*Problem to solve*:
Begin at the line that contains "7 Piece Garden" and reproduce it along with every line after it to the end of the listing; skip any pictures.

*Records for processing*:
↓↓↓

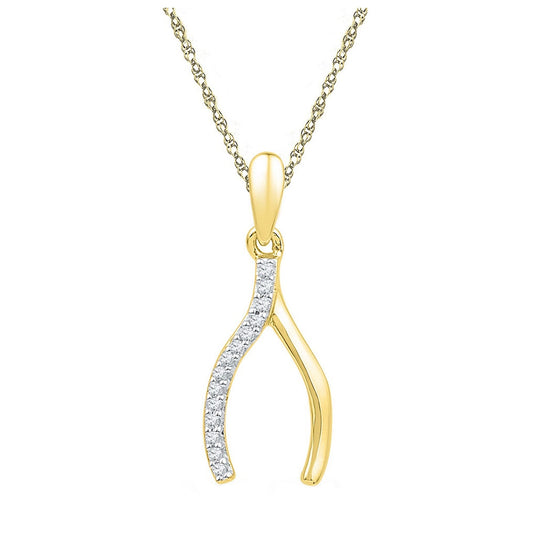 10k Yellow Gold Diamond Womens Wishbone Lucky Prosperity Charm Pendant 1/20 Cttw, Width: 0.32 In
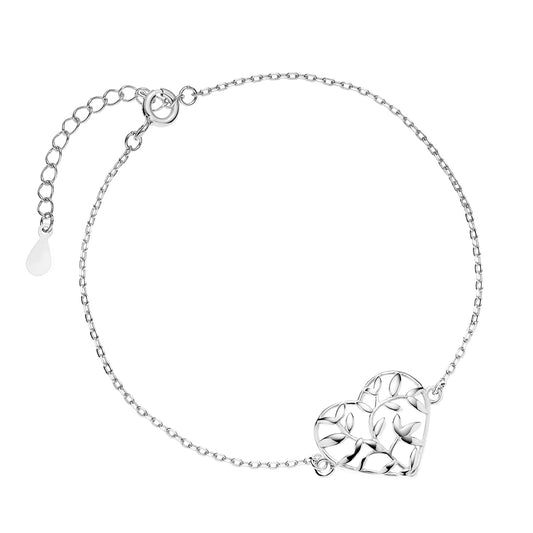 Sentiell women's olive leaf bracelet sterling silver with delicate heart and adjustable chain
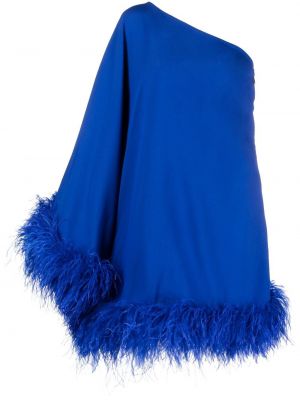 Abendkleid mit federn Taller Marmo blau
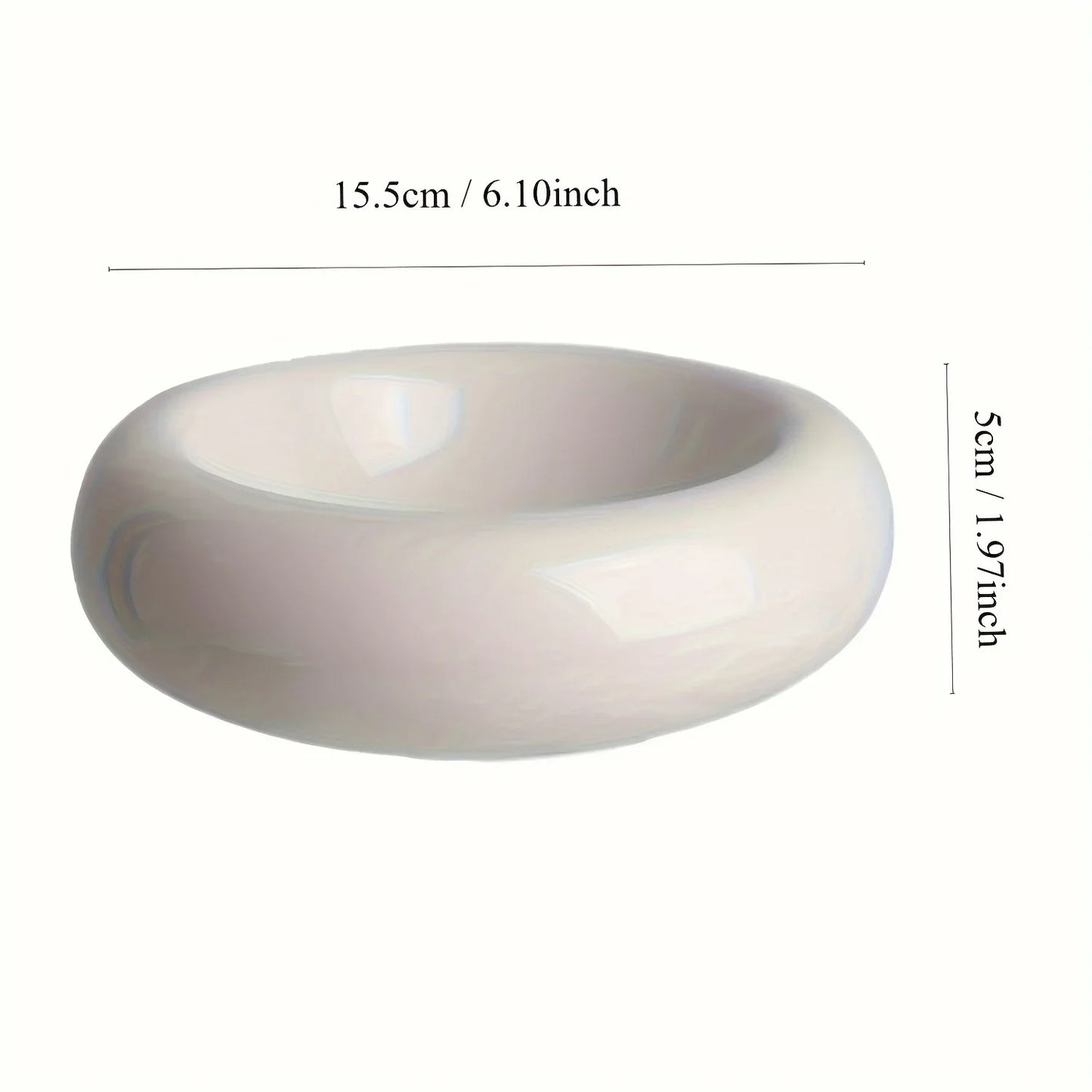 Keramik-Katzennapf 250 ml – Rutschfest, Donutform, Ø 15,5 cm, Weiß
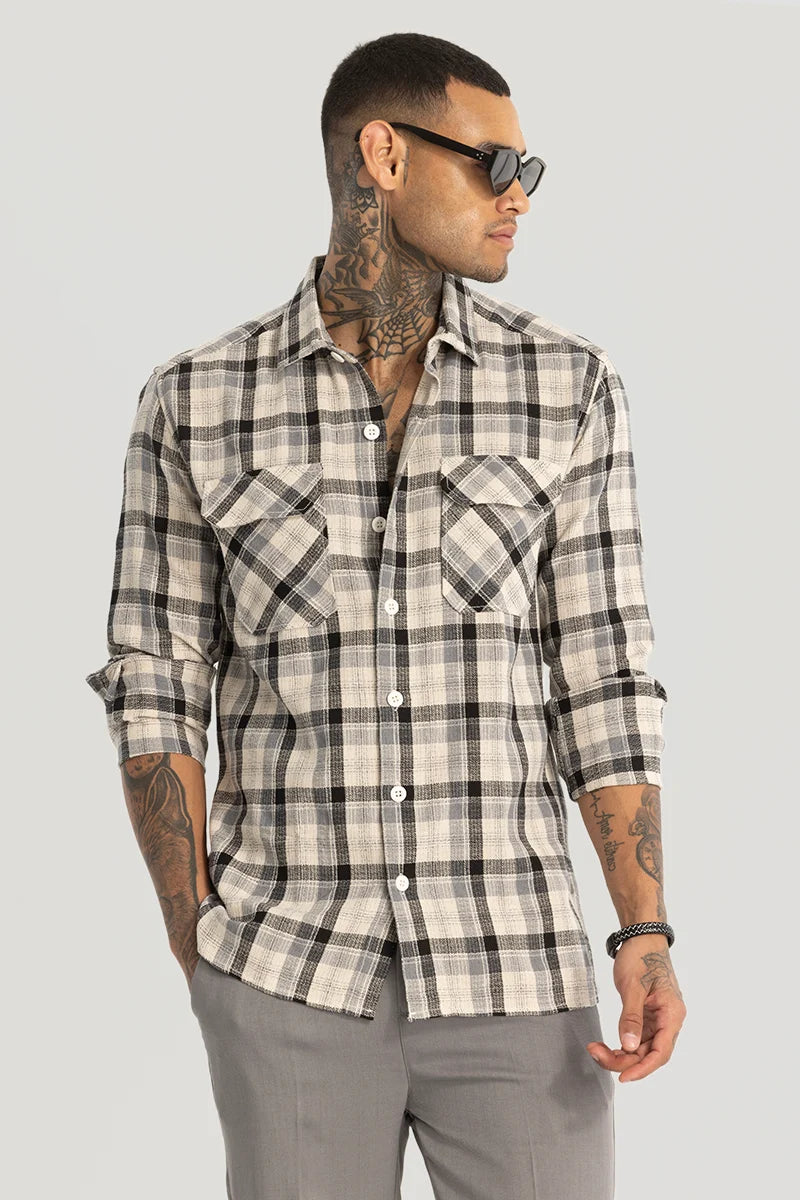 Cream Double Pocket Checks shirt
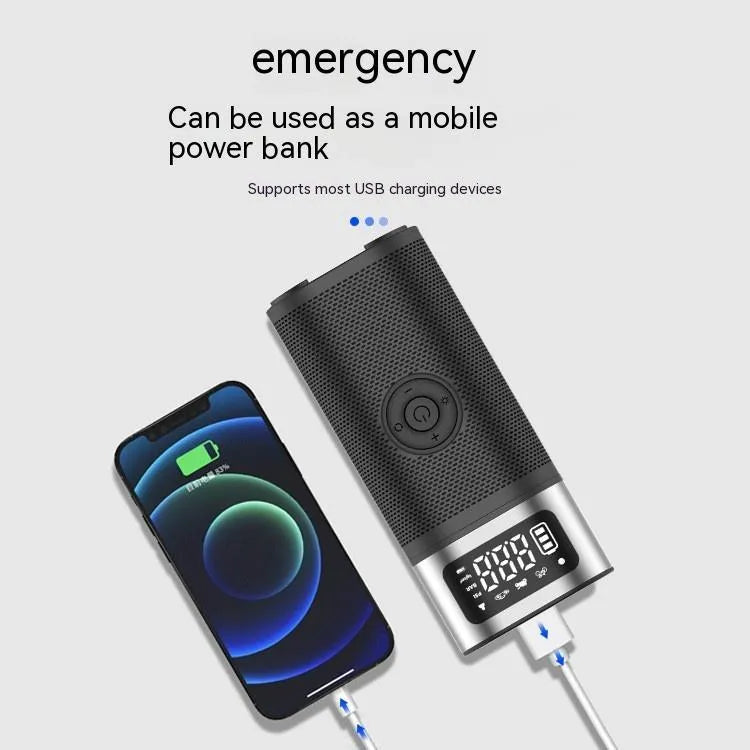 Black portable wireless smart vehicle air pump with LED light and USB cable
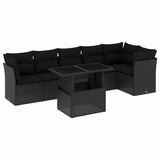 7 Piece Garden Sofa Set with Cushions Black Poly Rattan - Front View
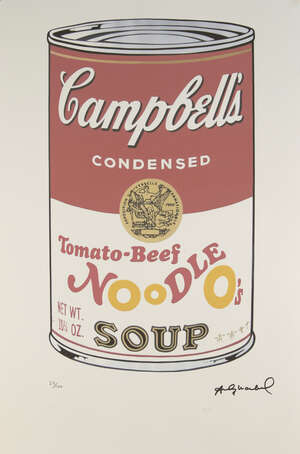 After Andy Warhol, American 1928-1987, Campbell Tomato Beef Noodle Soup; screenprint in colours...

↑↑↑

*Task result*:
 7 Piece Garden Sofa Set with Cushions Black Poly Rattan - Front View
 After Andy Warhol, American 1928-1987, Campbell Tomato Beef Noodle Soup; screenprint in colours...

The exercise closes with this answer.